- _Exercise description_: What you return must match, exactly, the lines running from the one containing "Luna Tenerissima da colorare" to the end of the data, both included, and must contain no pictures.

- _Data excerpts_:
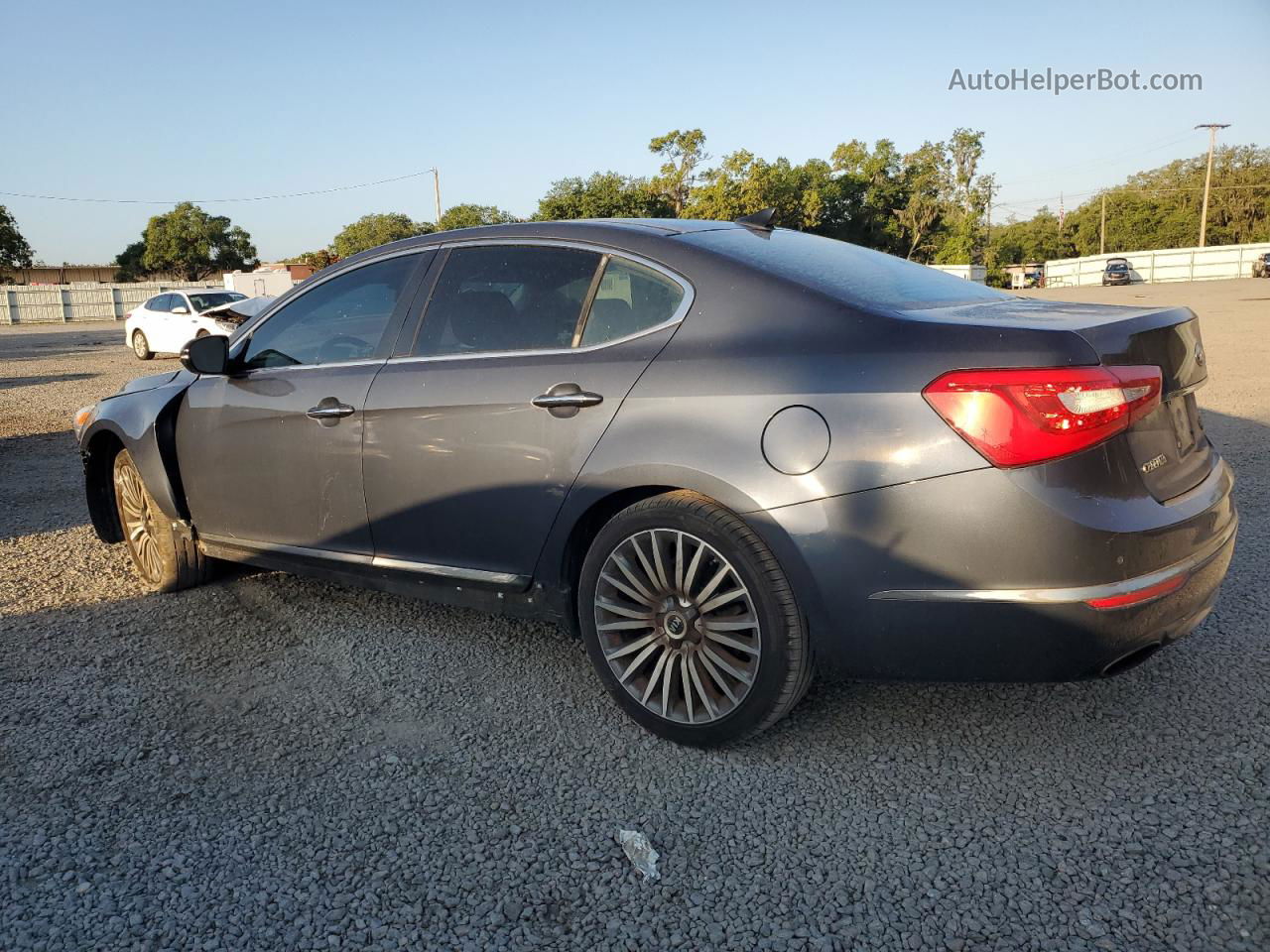 2014 Kia Cadenza Premium Gray vin: KNALN4D7XE5128024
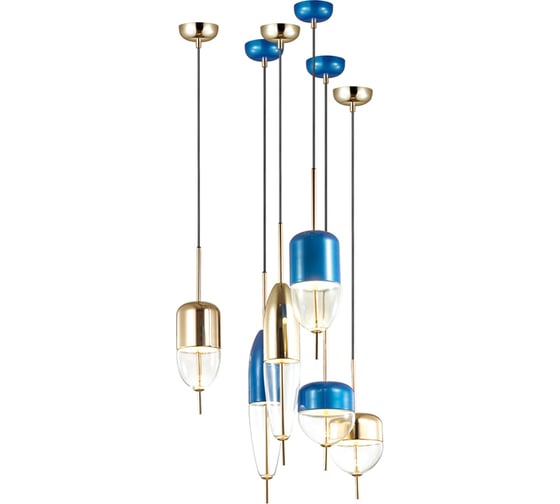 Подвес ODEON LIGHT, стекло LED 12W LARUS 4620/12L
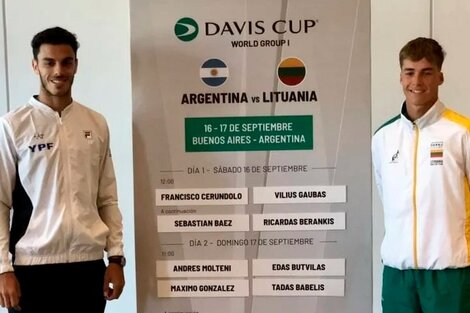 Oportunidad, política internacional y futuro local: Cerúndolo abre la Davis ante Lituania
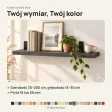 Półka loftowa - Beton Czarny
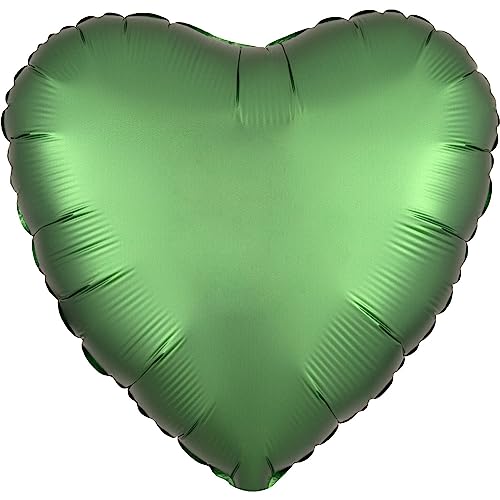 SD-H: Satin Emerald Heart von amscan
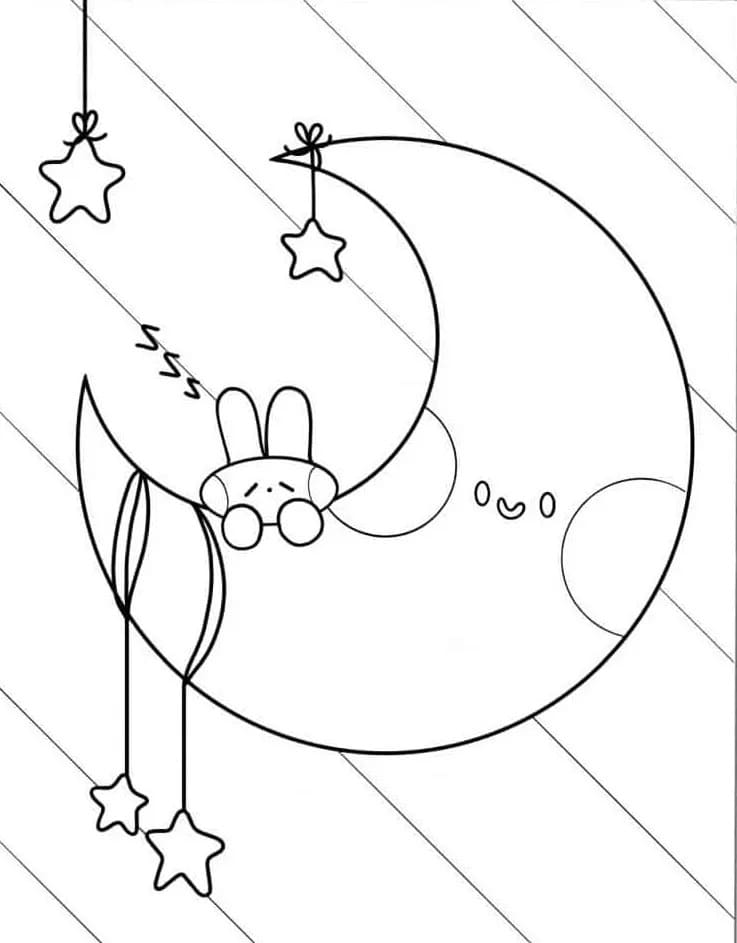 Luna Tenerissima da colorare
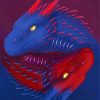 Black And Red Dragon Heads Diamond Painting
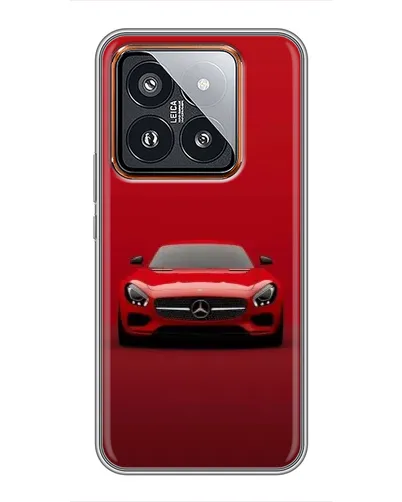 Чехол для Xiaomi 14 Pro с картинкой «Красный Mercedes AMG»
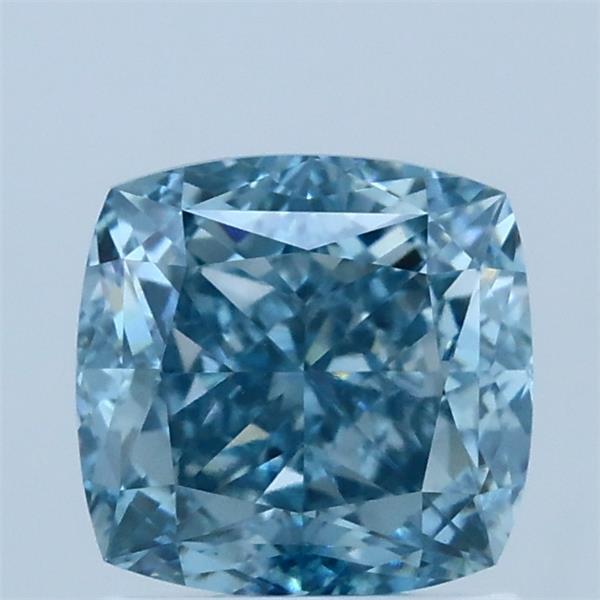 1.61 Carat Cushion Shaped, Ideal Cut, FANCY VIVID BLUE Color, VS1 Clarity, IGI Certified Lab Grown Diamond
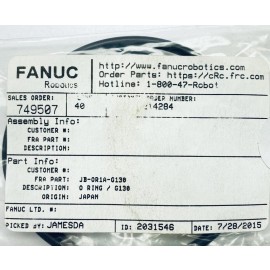 JB-OR1A-G130 FANUC O-Ring New And Original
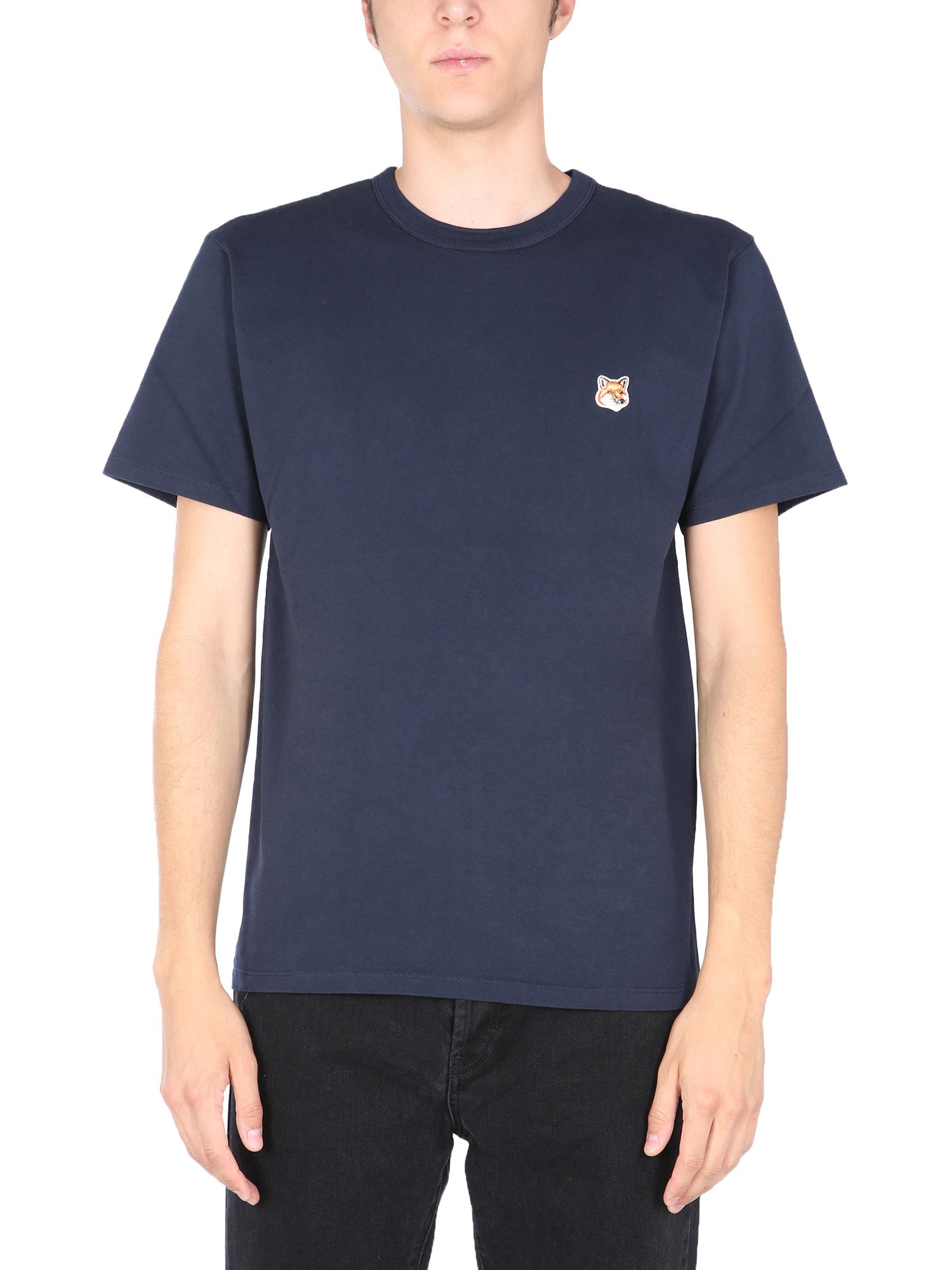 maison kitsuné crew neck t-shirt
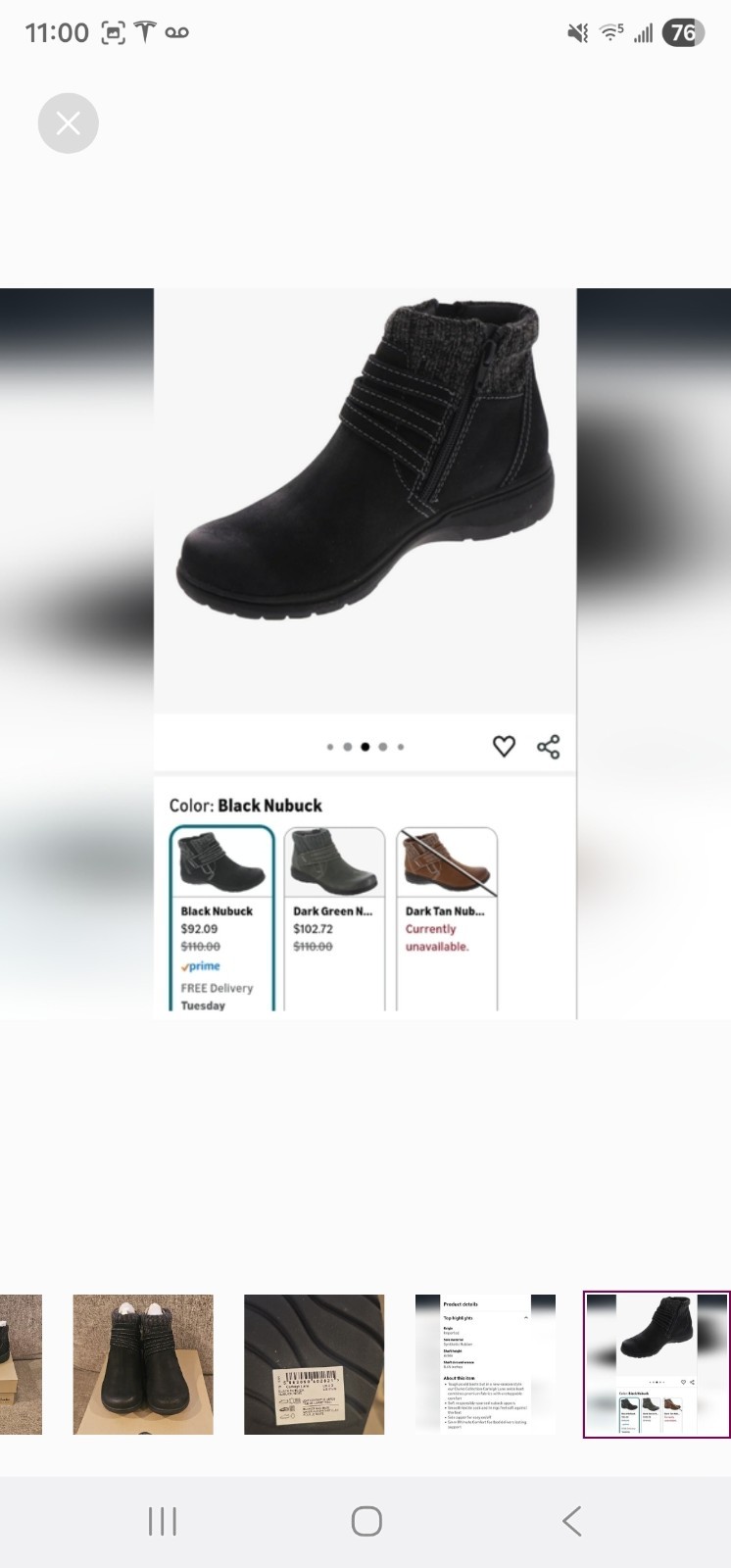 Clarks CARLEIGH booties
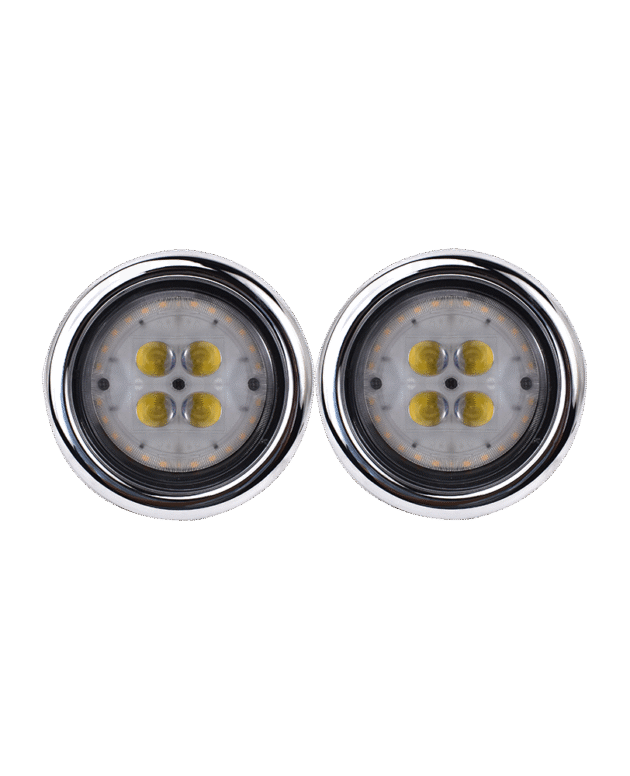 EECO 4 LED DUAL WITH DRL AMBER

- _Output for this exercise_:
 Luna Tenerissima da colorare
 Black And Red Dragon Heads Diamond Painting
 Чехол для Xiaomi 14 Pro с картинкой «Красный Mercedes AMG»
 1.61 Carat Cushion Shaped, Ideal Cut, FANCY VIVID BLUE Color, VS1 Clarity, IGI Certified Lab Grown Diamond
 JB-OR1A-G130 FANUC O-Ring New And Original
 maison kitsuné crew neck t-shirt
 Clarks CARLEIGH booties
 EECO 4 LED DUAL WITH DRL AMBER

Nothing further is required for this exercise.